Le marché de Nishiki, le plus grand marché de Kyoto, est un lieu incontournable.
Mais où se trouve-t-il exactement ? Et combien de temps faut-il pour le parcourir à pied ?

Le marché est situé en plein centre-ville. Trois stations de métro se trouvent à proximité. Si vous prenez la bonne sortie, vous y arriverez très rapidement.
Le marché s’étend de l’ouest à l’est sur environ 390 mètres. Cela peut sembler court, non ?
En réalité, pas du tout. Il y a environ 120 petits magasins de spécialités et de découvertes à chaque pas que vous ne verrez pas le temps passer !
VOIR->Le plan détaillé en anglais
Contexte historique
Il n’existe pas de documents officiels très précis, mais on estime que l’origine du marché remonte à une époque très ancienne. Dès l’époque de Heian (de la fin du VIIIᵉ siècle jusqu’à la fin du XIIᵉ siècle), un marché se tenait déjà dans ce quartier. Autrement dit, le marché existait probablement depuis l’époque où l’empereur a établi la capitale à Kyoto (en 794).
Puis, il y a environ 400 ans, en 1615, le shogunat d’Edo a accordé à Nishiki le titre officiel de marché aux poissons, le droit exclusif de vendre du poisson et le marché a connu une grande prospérité.

Le marché de Nishiki au moyen âge
Cependant, à l’ère Meiji (1868 – 1912), ce privilège a été supprimé. Depuis, le marché a dû surmonter de nombreuses difficultés pour survivre dans un système de marché libre.
Le rôle de l’eau souterraine dans le développement du marché de Nishiki
L’une des raisons pour lesquelles le marché de Nishiki s’est installé à cet endroit est étroitement liée à la présence d’eau souterraine.
À une époque où les réfrigérateurs n’existaient pas, on utilisait des puits pour refroidir et conserver les aliments frais.
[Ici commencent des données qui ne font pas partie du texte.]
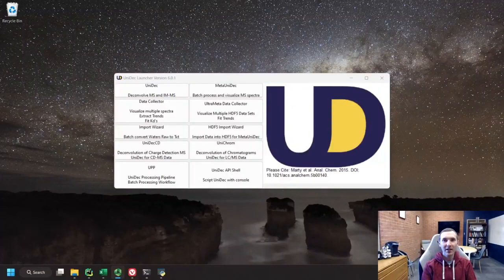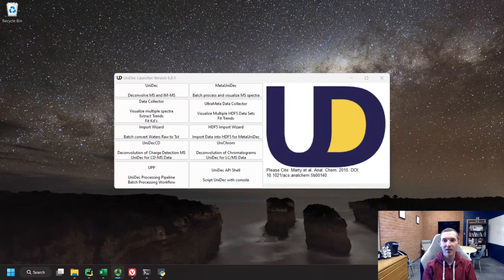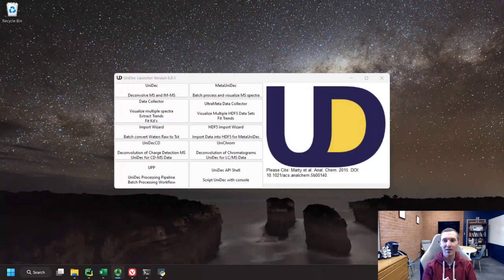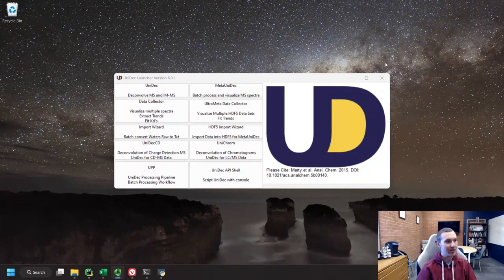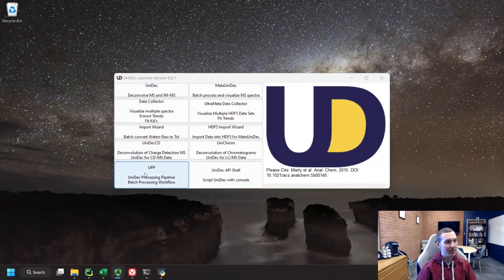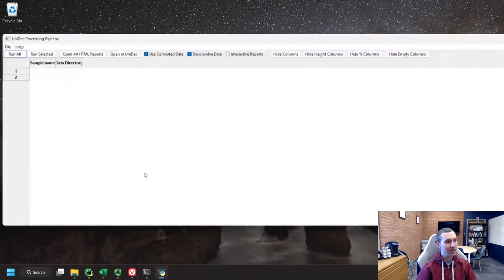Hello and welcome to another UniDec tutorial video. I'm Michael Marty from the University of Arizona and I'm excited today to tell you about the newest module that we've released in UniDec, which we're calling UP, or the UniDec Processing Pipeline. If you open up UniDec, you can see this is version 6.1, which will hit the web soon. There's this new window here for UP, and if you click this, you can see we're going to open the UP window.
Le quartier de Nishiki est depuis longtemps réputé pour la qualité de son eau souterraine. De plus, à l’époque, l’eau de puits était extrêmement précieuse, ce qui faisait de cet endroit un lieu idéal pour un marché de qualité.
Encore aujourd’hui, certains commerces du marché continuent d’utiliser cette eau souterraine pour la préparation de leurs produits.
Pendant et après la guerre
D’après les archives, après l’entrée du Japon dans la guerre du Pacifique, la situation économique s’est fortement dégradée. Les marchandises ont été strictement contrôlées par l’État, avec des prix fixés officiellement, puis un système de rationnement a été mis en place. Dans ces conditions, le commerce tel qu’on le connaissait a quasiment disparu dans tout le pays. Le marché de Nishiki n’y a pas échappé et a vécu une situation de quasi-fermeture pendant plus de dix ans.
Après la guerre, des marchés noirs sont apparus partout au Japon. Des foules immenses s’y rassemblaient pour trouver des produits de première nécessité.
Aujourd’hui, le mot « marché noir » évoque quelque chose d’illégal et de négatif. Mais à l’époque, sans ces marchés, il était presque impossible de se procurer des biens essentiels. Encore aujourd’hui, il n’est pas rare que des rues commerçantes animées, notamment sous les voies ferrées, aient été à l’origine des marchés noirs.
Cependant, le marché de Nishiki n’était pas un marché noir. Il a néanmoins bénéficié de la vague de prospérité liée aux marchés noirs.
Depuis longtemps, le marché entretenait des relations directes avec les régions de production, ce qui a permis à de nombreuses marchandises d’arriver de tout le pays. Dès que les produits étaient mis en vente, de longues files se formaient et les marchandises se vendaient très rapidement. Le nombre de boutiques a alors augmenté.
Il y avait aussi des groupes liés au milieu criminel, et les responsables de l’association du marché ont parfois dû prendre de grands risques pour les chasser. Il est également arrivé que le marché de Nishiki soit confondu avec un marché noir, et que le quartier général des forces d’occupation américaines (GHQ) envisage sa fermeture. Dans ce cas, l’association a multiplié les démarches et les pétitions, expliquant à plusieurs reprises l’histoire et la valeur du marché.
C’est ainsi que le marché de Nishiki a été protégé et transmis jusqu’à aujourd’hui.